DATA Step, Macro, Functions and more

PUZZLE - finding anagram groups

Reply
Super User
Posts: 9,687

PUZZLE - finding anagram groups

Since I saw FriedEgg post a question at this forum ,which stimulate me to post another puzzle.

It is from JAVA Tutorials ( HashMap ), which is very interesting problem.

I can code it by using SAS ,but I will not code it for the sake of my little spare time. And I believe someone here can give some answer.

I will not mark someone' answer be correct too, I have given the answer at following . DON'T CHEAT . Smiley Happy

What we should learned is algorithm from Java code.

There is a standard trick for finding anagram groups: For each word in the dictionary, alphabetize the letters in the word (that is, reorder the word's letters into alphabetical order) and put an entry into a multimap, mapping the alphabetized word to the original word. For example, the word bad causes an entry mapping abd into bad to be put into the multimap. A moment's reflection will show that all the words to which any given key maps form an anagram group. It's a simple matter to iterate over the keys in the multimap, printing out each anagram group that meets the size constraint.

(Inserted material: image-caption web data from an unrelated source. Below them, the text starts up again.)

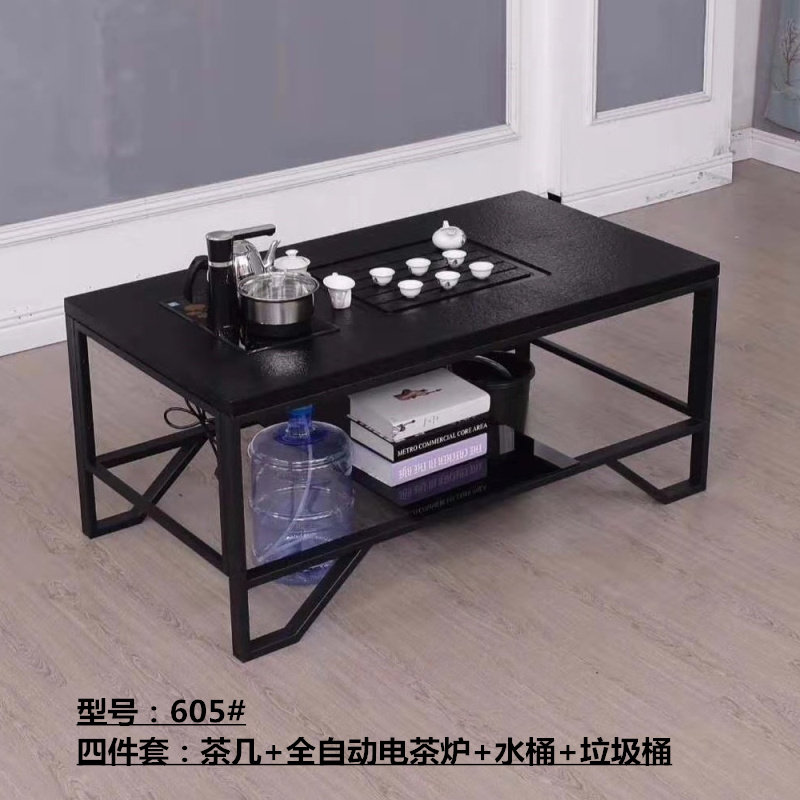 高档茶几 商务洽谈小型会客接待黑金石功夫茶几 包邮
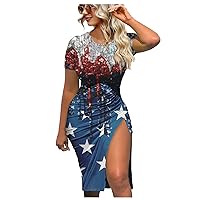 TWGONE 4th of July Outfits for Women Sexy American Flag Dress Summer Party Club Bodycon T Shirt Dress with Slit
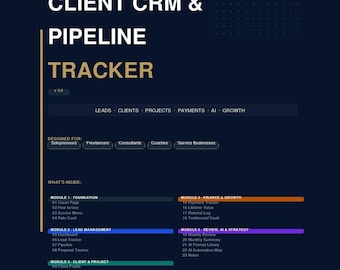 CRM de clientes y seguimiento de cartera de clientes para emprendedores individuales / Gestión de clientes potenciales / Planificador de ventas / PDF imprimible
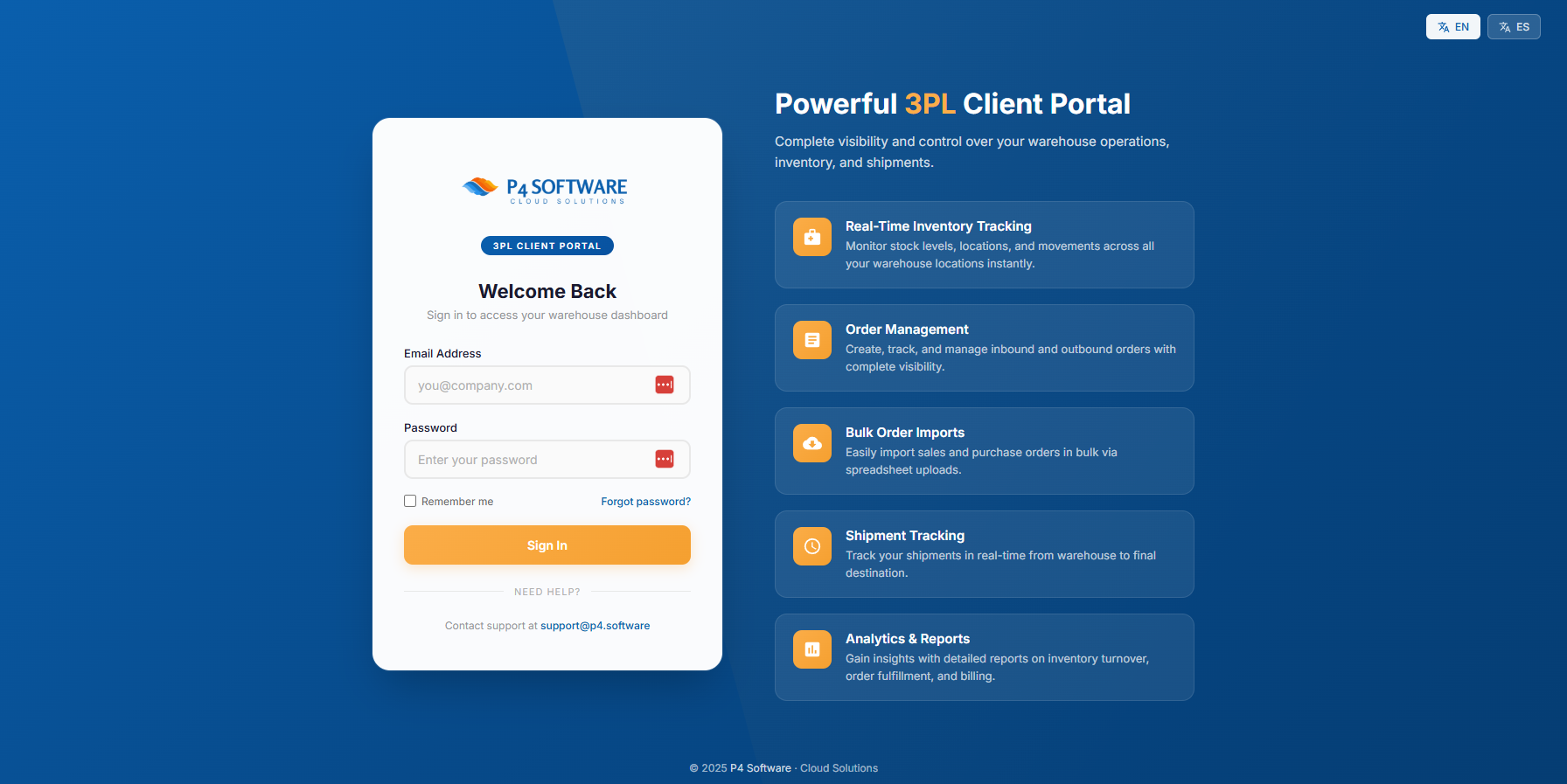 P4 Warehouse 3PL Client Portal Login Screen with Features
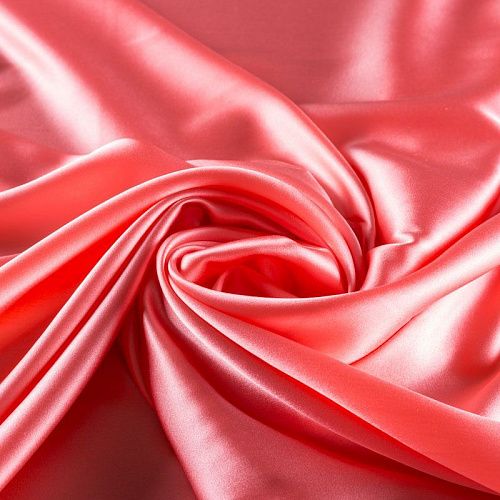 Шелк натуральный К15-1242 розово-коралловый однотонный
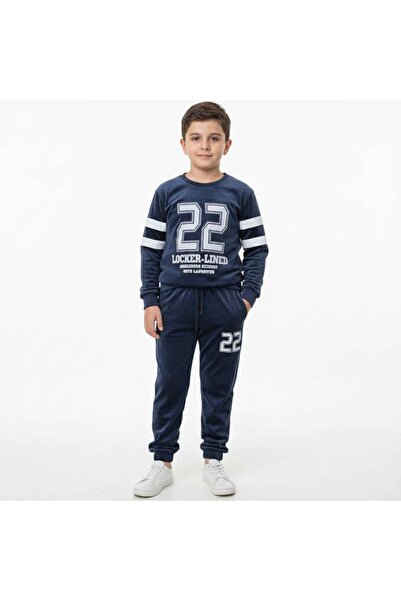 alqarat "القارات" Kids velvet Tracksuit Casual Set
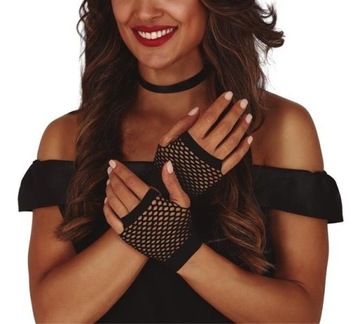 RĘKAWICZKI KRÓTKIE Z SIATECZKI CZARNE DISCO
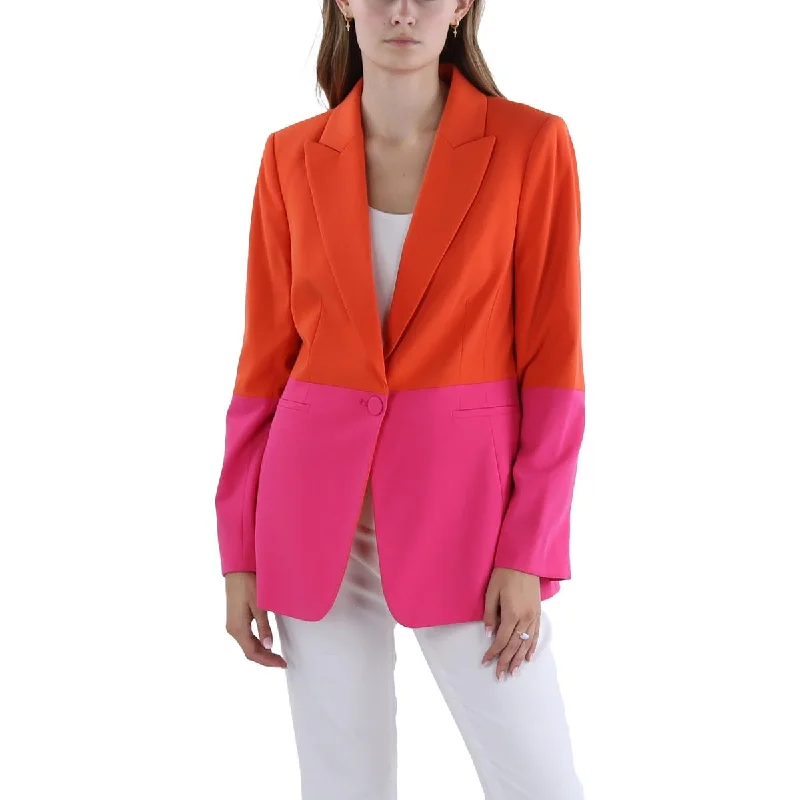 Women's Padded Shoulders Blazers -Tahari ASL Womens Woven Colorblock One-Button Blazer Women's Padded Shoulders Blazers -Tahari ASL Womens Woven Colorblock One-Button Blazer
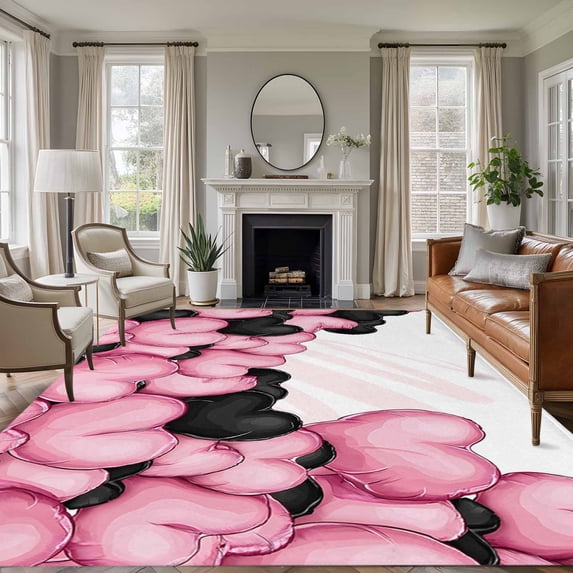 Rectangle Area Rugs 6 x 9 Ft, Valentine's Day Non-Slip Residential Carpet, Romantic Love Heart Ballons Pink and Black Indoor Crawling Mats Runner Rugs for Living Room/Dining Room/Bedroom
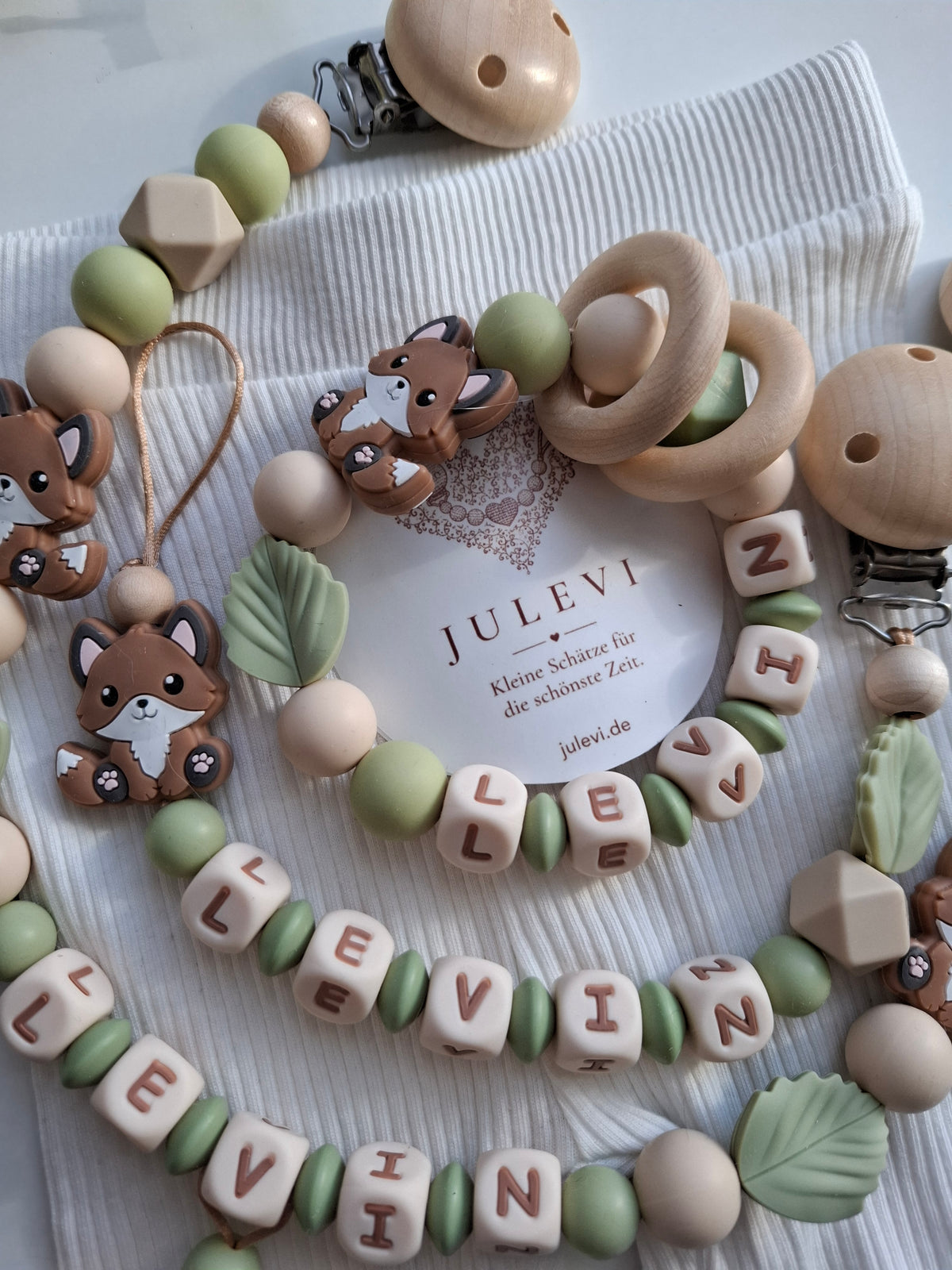 3er Set Schnullerkette Kinderwagenkette & Greifring mit Namen Fuchs salbei beige
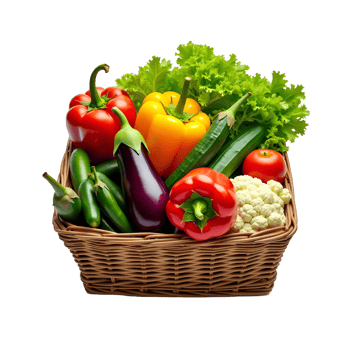 vegetables in wicker basket on transparent background png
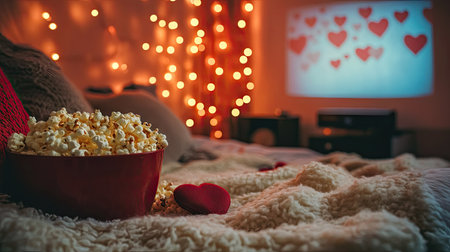 A cozy movie night setup with a projector, string lights, blankets, popcorn, and Valentine's Day-themed decor.の素材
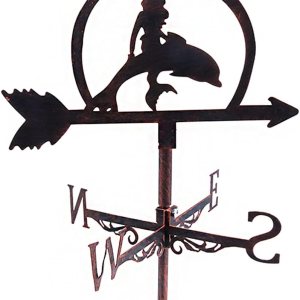 Alnicov Veleta de metal de sirena, indicador de dirección de la paleta de tiempo vintage para decoración de techo de jardín al aire libre, veleta Alnicov Veleta de metal de sirena, indicador de dirección de la paleta de tiempo vintage para decoración de techo de jardín al aire libre, veleta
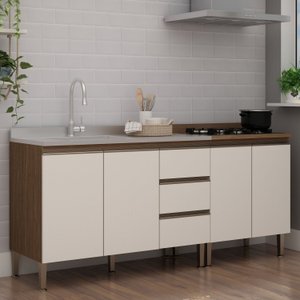 Cozinha Modulada 2 Balcões com Tampo de 70cm para Cooktop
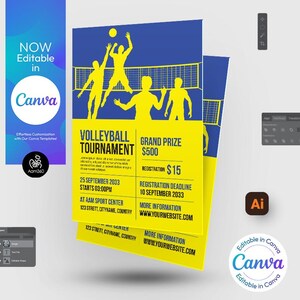 Beachvolleyball-Turnier Flyer Vorlage: Bearbeitbare Canva, PSD, AI (Digitale Datei)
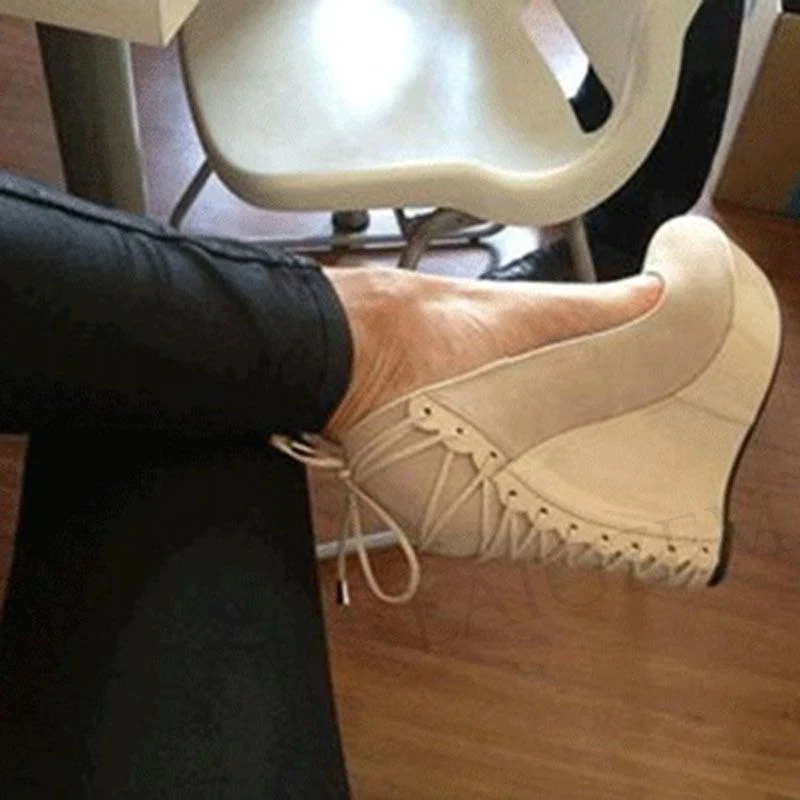 

BERZIMER Beige Women Heels Platform Wedge Height Increasing Pumps Ladies Summer Sandals Zapatos Party Shoes Woman Size 44 50 52
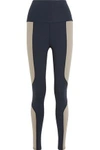 LIVE THE PROCESS WOMAN GEOMETRIC PANELED STRETCH-SUPPLEX&REG; LEGGINGS NAVY,US 1998551929407220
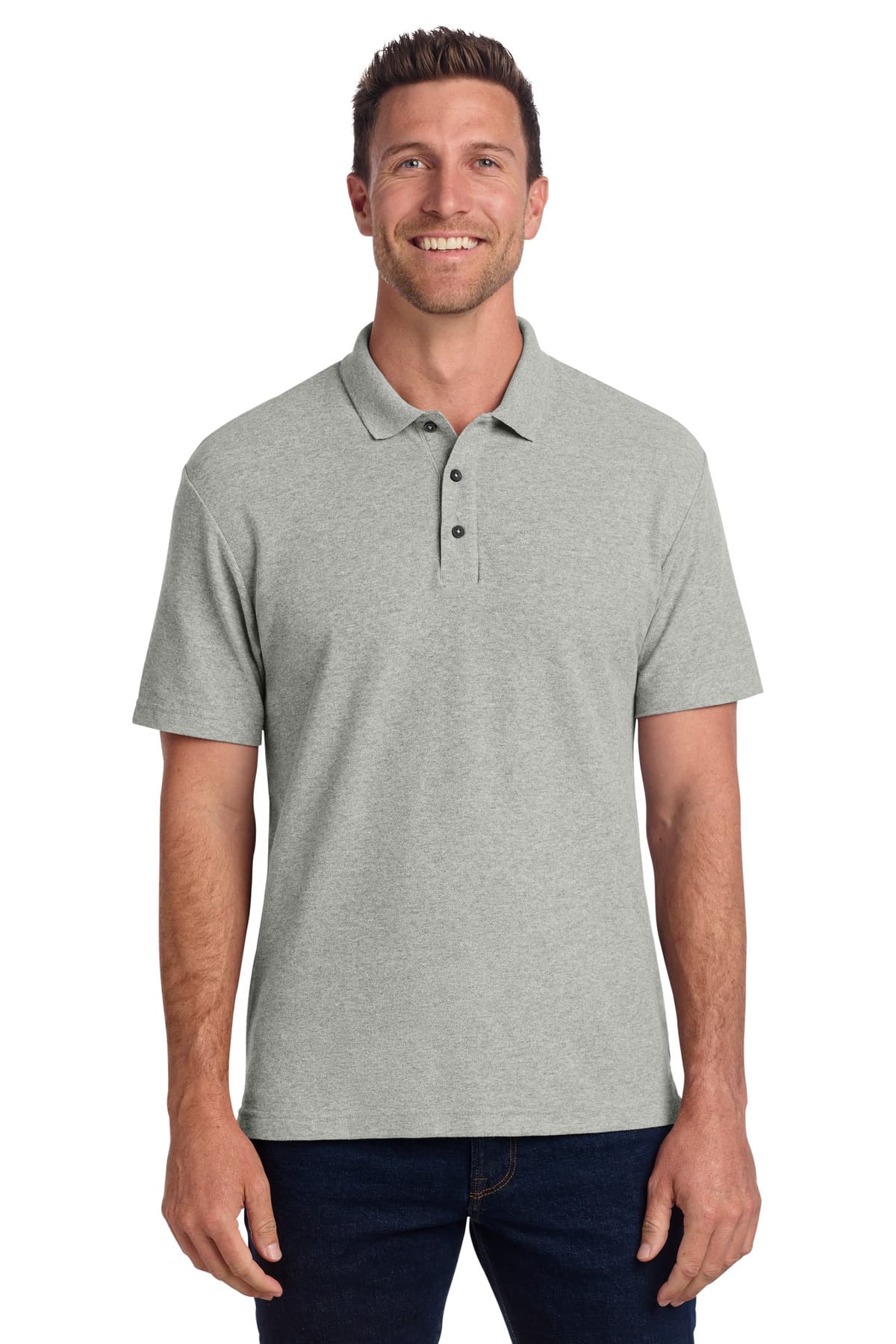 Port Authority ® C-FREE ® Cotton Blend Pique Polo — Deep Smoke Heather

The following program is a straightforward implementation of this technique.

import java.util.*;
import java.io.*;

public class Anagrams {
    public static void main(String[] args) {
        int minGroupSize = Integer.parseInt(args[1]);

        // Read words from file and put into a simulated multimap
        Map> m = new HashMap>();

        try {
            Scanner s = new Scanner(new File(args[0]));
            while (s.hasNext()) {
                String word = s.next();
                String alpha = alphabetize(word);
                List l = m.get(alpha);
                if (l == null)
                    m.put(alpha, l=new ArrayList());
                l.add(word);
            }
        } catch (IOException e) {
            System.err.println(e);
            System.exit(1);
        }

        // Print all permutation groups above size threshold
        for (List l : m.values())
            if (l.size() >= minGroupSize)
                System.out.println(l.size() + ": " + l);
    }

    private static String alphabetize(String s) {
        char[] a = s.toCharArray();
        Arrays.sort(a);
        return new String(a);
    }
}

Running this program on a 173,000-word dictionary file with a minimum anagram group size of eight produces the following output.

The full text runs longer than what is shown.